Invoice Digitization Workflow: Scan → OCR → Excel | way2pdf Skip to main content
Workflow Guide

Invoice Digitization: Scan, OCR, and Export to Excel

A complete, practical workflow for converting paper invoices into structured spreadsheets — covering the exact steps, the settings that matter, and the mistakes that waste an afternoon.

12 min read  ·  By  ·  Updated May 17, 2026


Why paper invoices are still a problem in 2026

Despite the rise of e-invoicing, a substantial portion of supplier invoices still arrive as paper documents, faxes, or photographs — especially from small suppliers, international vendors, and industries like construction, food service, and manufacturing where paper is the norm. An accounts payable team processing 50–500 such invoices a month faces the same bottleneck: someone has to type numbers from paper into a spreadsheet, and manual entry at scale produces errors, delays, and audit risk.
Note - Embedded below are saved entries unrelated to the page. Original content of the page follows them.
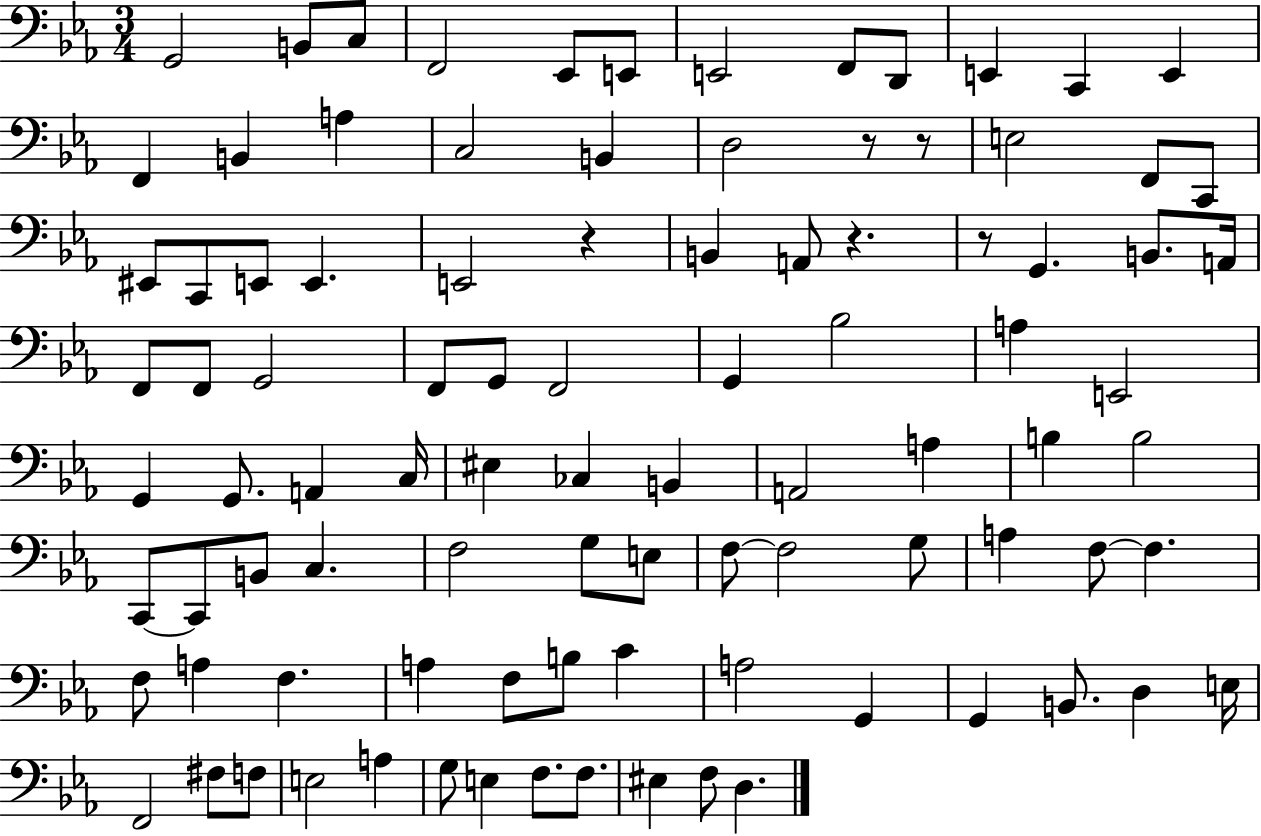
{
  \clef bass
  \numericTimeSignature
  \time 3/4
  \key ees \major
  g,2 b,8 c8 | f,2 ees,8 e,8 | e,2 f,8 d,8 | e,4 c,4 e,4 | \break f,4 b,4 a4 | c2 b,4 | d2 r8 r8 | e2 f,8 c,8 | \break eis,8 c,8 e,8 e,4. | e,2 r4 | b,4 a,8 r4. | r8 g,4. b,8. a,16 | \break f,8 f,8 g,2 | f,8 g,8 f,2 | g,4 bes2 | a4 e,2 | \break g,4 g,8. a,4 c16 | eis4 ces4 b,4 | a,2 a4 | b4 b2 | \break c,8~~ c,8 b,8 c4. | f2 g8 e8 | f8~~ f2 g8 | a4 f8~~ f4. | \break f8 a4 f4. | a4 f8 b8 c'4 | a2 g,4 | g,4 b,8. d4 e16 | \break f,2 fis8 f8 | e2 a4 | g8 e4 f8. f8. | eis4 f8 d4. | \break \bar "|."
} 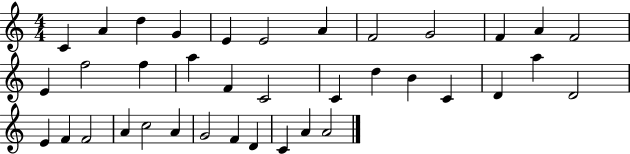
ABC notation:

X:1
T:Untitled
M:4/4
L:1/4
K:C
C A d G E E2 A F2 G2 F A F2 E f2 f a F C2 C d B C D a D2 E F F2 A c2 A G2 F D C A A2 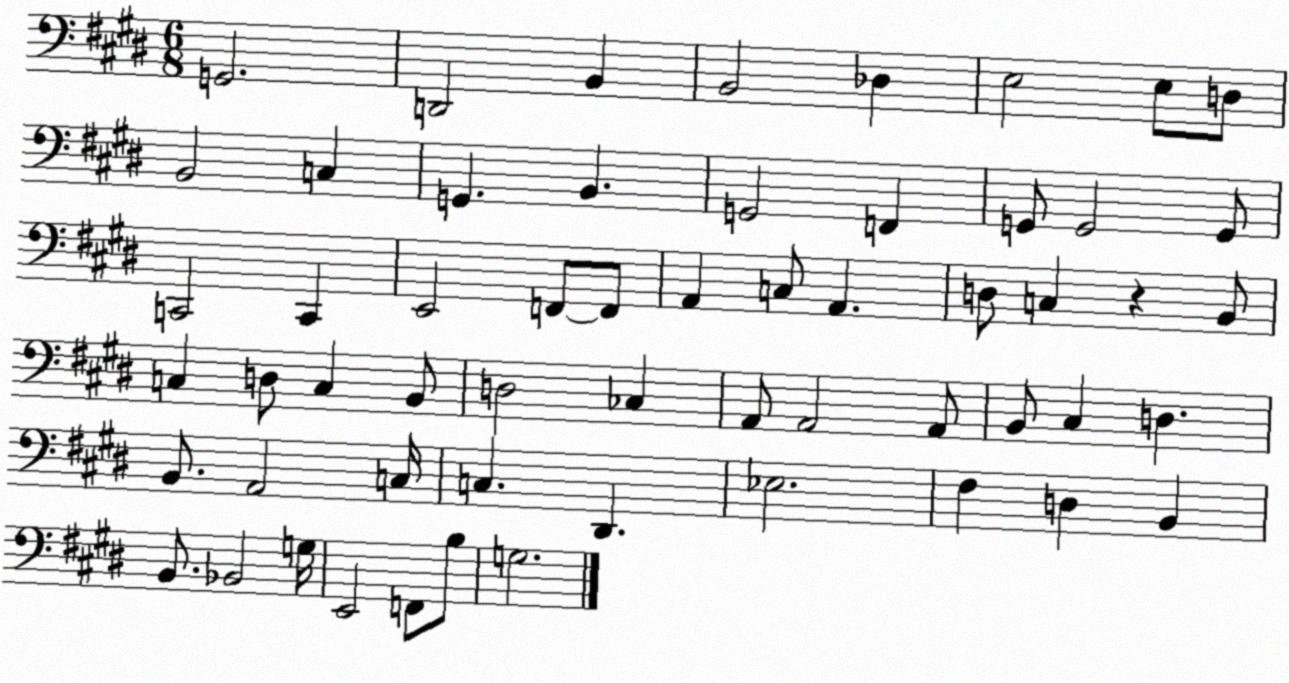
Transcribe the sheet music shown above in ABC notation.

X:1
T:Untitled
M:6/8
L:1/4
K:E
G,,2 D,,2 B,, B,,2 _D, E,2 E,/2 D,/2 B,,2 C, G,, B,, G,,2 F,, G,,/2 G,,2 G,,/2 C,,2 C,, E,,2 F,,/2 F,,/2 A,, C,/2 A,, D,/2 C, z B,,/2 C, D,/2 C, B,,/2 D,2 _C, A,,/2 A,,2 A,,/2 B,,/2 ^C, D, B,,/2 A,,2 C,/4 C, ^D,, _E,2 ^F, D, B,, B,,/2 _B,,2 G,/4 E,,2 F,,/2 B,/2 G,2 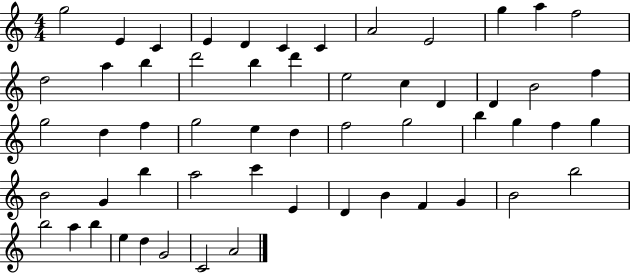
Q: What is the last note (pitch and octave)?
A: A4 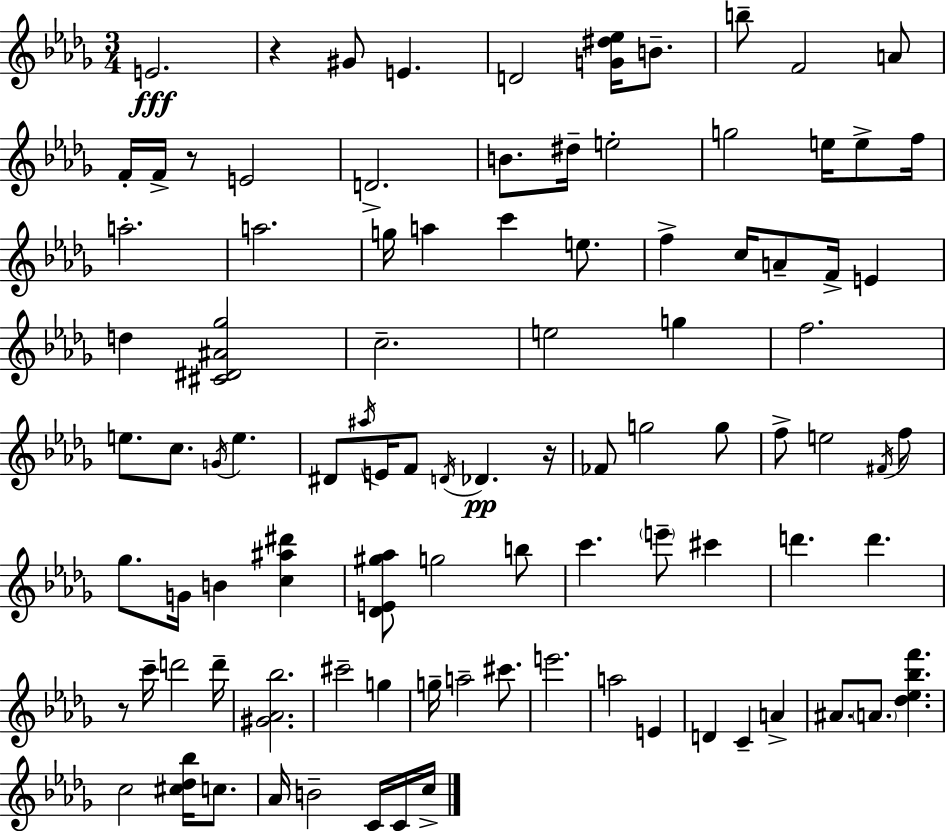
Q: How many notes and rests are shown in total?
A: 96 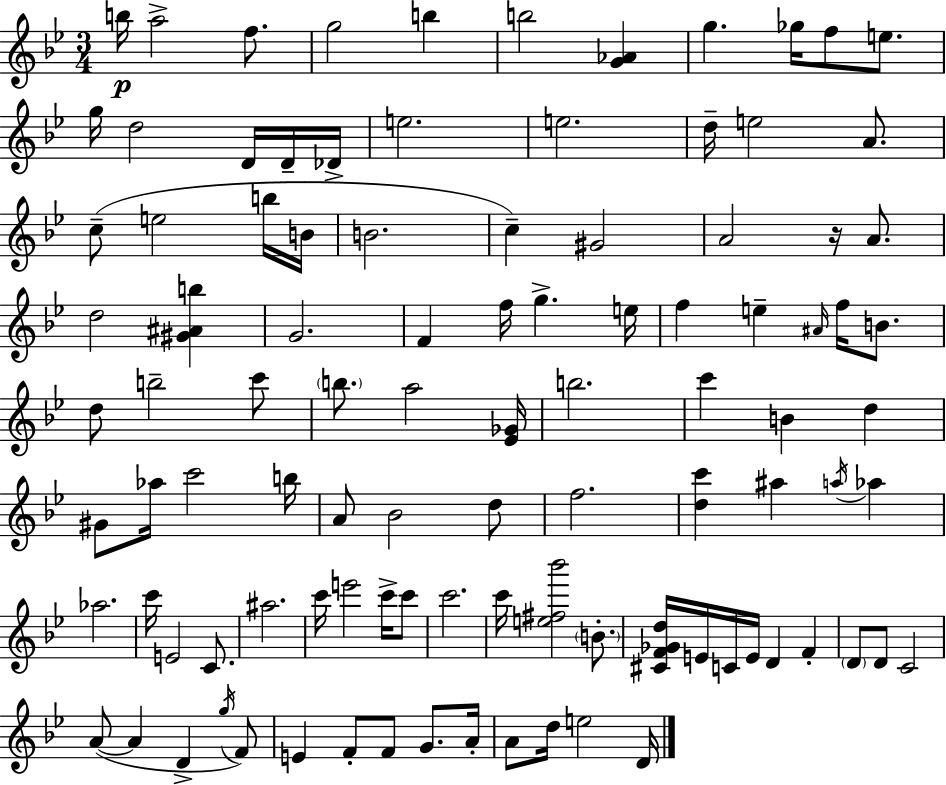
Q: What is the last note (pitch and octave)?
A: D4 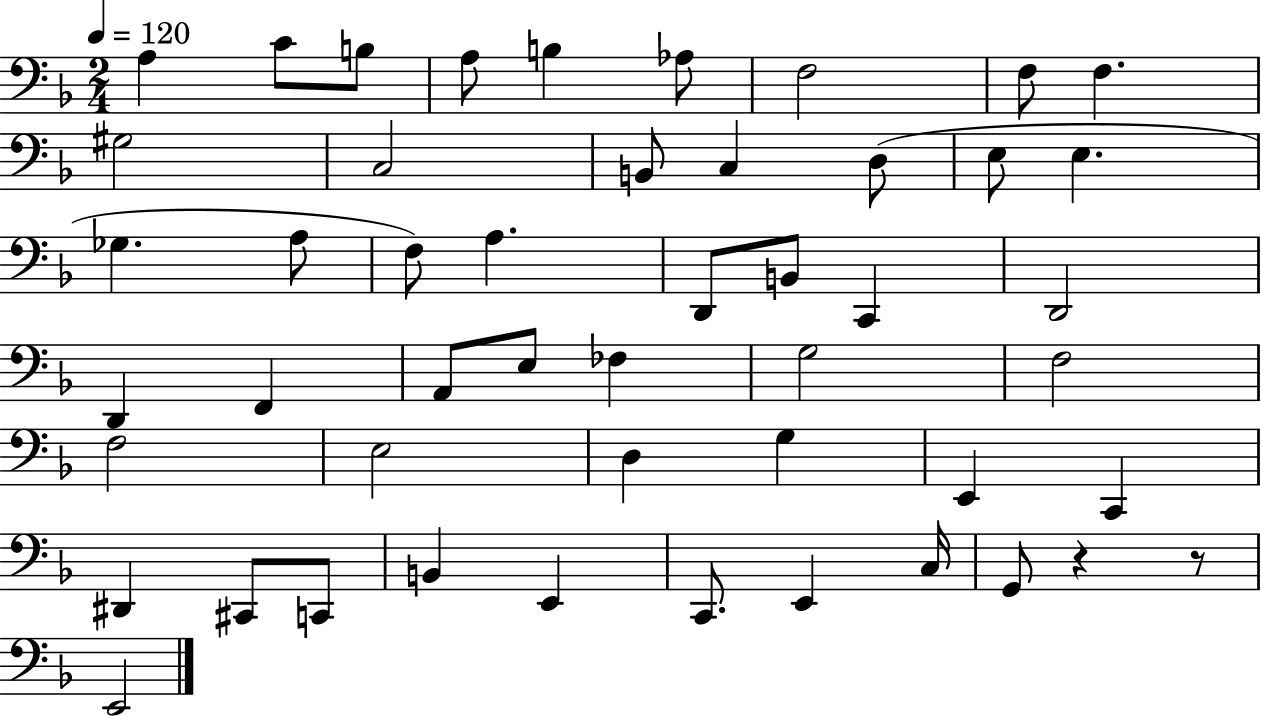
A3/q C4/e B3/e A3/e B3/q Ab3/e F3/h F3/e F3/q. G#3/h C3/h B2/e C3/q D3/e E3/e E3/q. Gb3/q. A3/e F3/e A3/q. D2/e B2/e C2/q D2/h D2/q F2/q A2/e E3/e FES3/q G3/h F3/h F3/h E3/h D3/q G3/q E2/q C2/q D#2/q C#2/e C2/e B2/q E2/q C2/e. E2/q C3/s G2/e R/q R/e E2/h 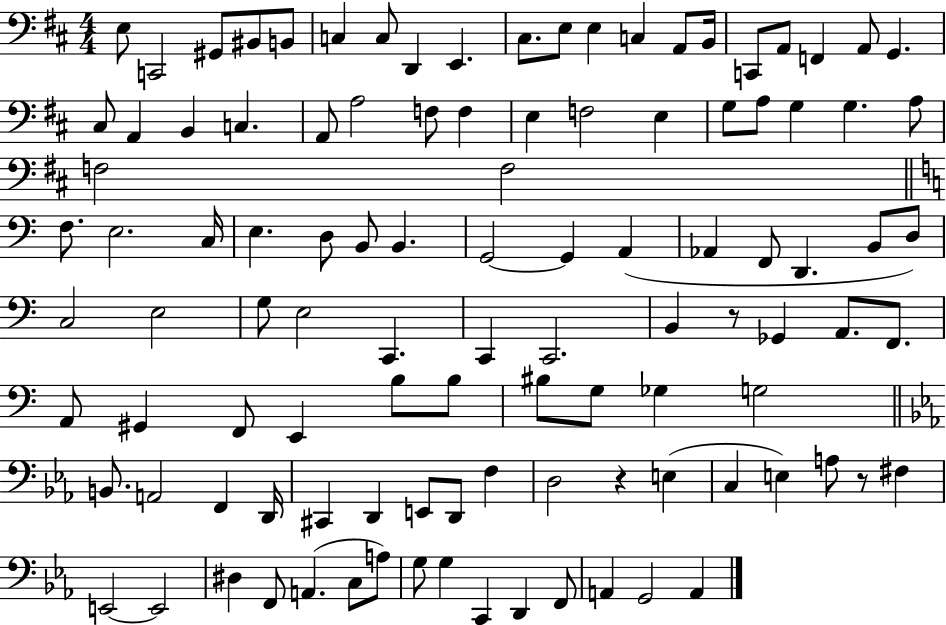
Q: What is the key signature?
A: D major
The correct fix is a three-step pipeline: scan → OCR → extract to spreadsheet. Each step is distinct and each matters. Skipping or rushing any one of them produces problems downstream that take longer to fix than doing it right from the start.

What this workflow requires

You need three things: a scanner or phone with a document-scanning app, a way to run OCR on the scanned PDF, and a PDF-to-Excel converter. All three steps can be done with way2pdf's free tools at no cost and without uploading to a permanent cloud drive. Files are deleted automatically within one hour.

Before you start: This workflow is for scanned paper invoices. If your invoices arrive as email attachments that are already digital PDFs (from accounting software like Xero, QuickBooks, or SAP), skip to Step 3 — they already have a text layer and do not need OCR.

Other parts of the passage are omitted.